__Data extract__:

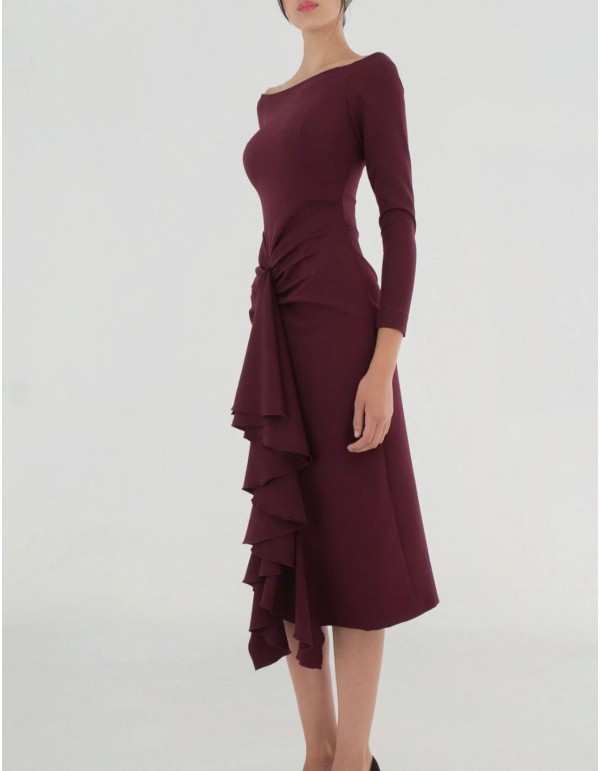 Vestido de cóctel granate con manga larga y centro drapeado 2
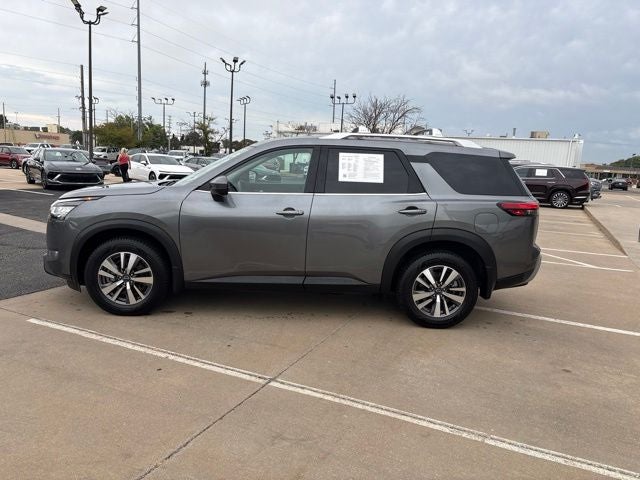 2023 Nissan Pathfinder SL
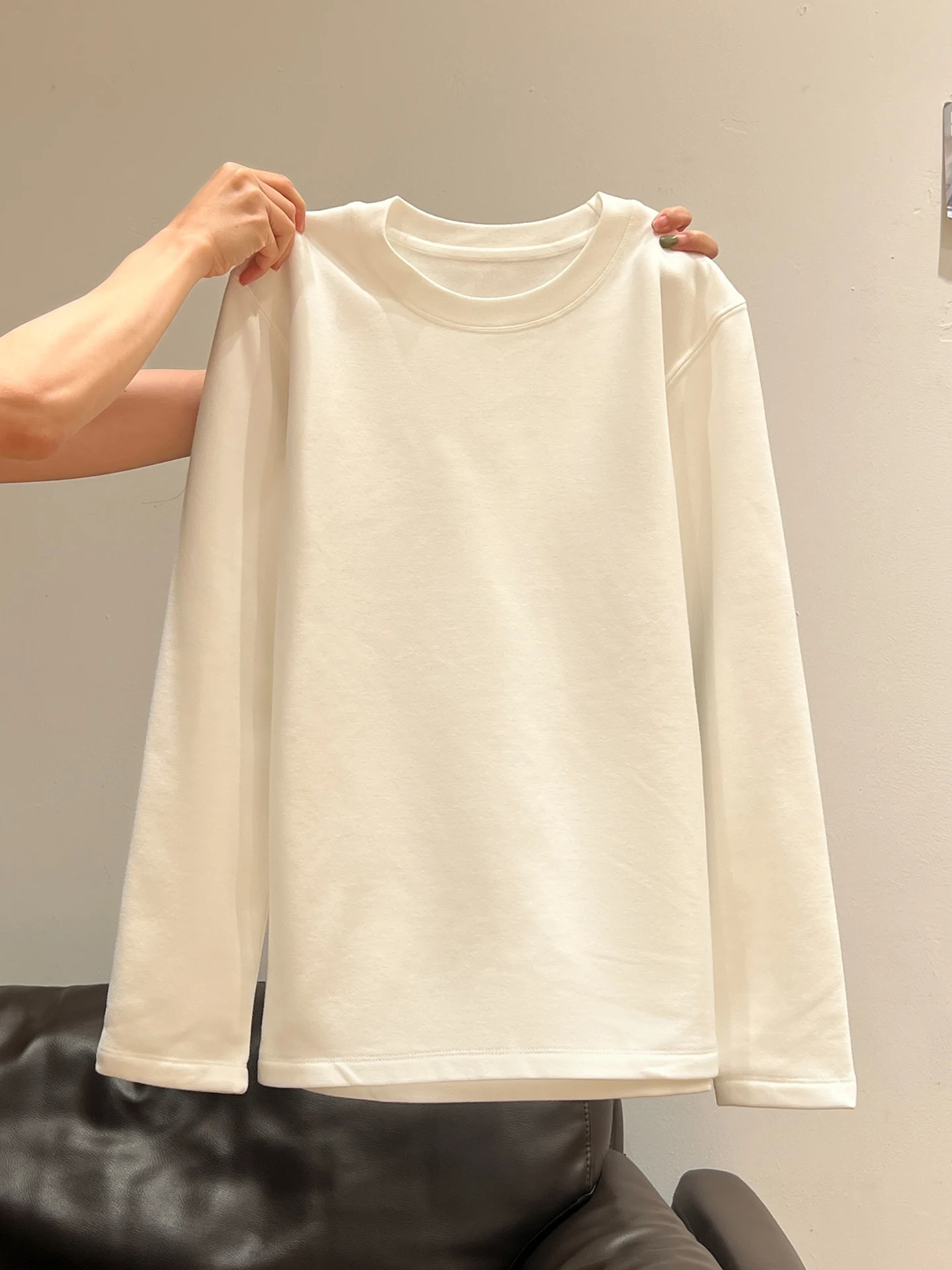 ゆるいtシャツの選び方とは？5選で日常から通勤まで自在に活用できる
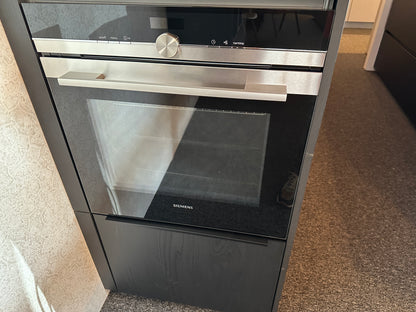 01712 - Moderne eilandkeuken met tafel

__Exercise goal__: Please give the data again unaltered, leaving out any images.

__Result of this exercise__:
 Vestido de cóctel granate con manga larga y centro drapeado 2
 2023 Nissan Pathfinder SL
 ゆるいtシャツの選び方とは？5選で日常から通勤まで自在に活用できる
 01712 - Moderne eilandkeuken met tafel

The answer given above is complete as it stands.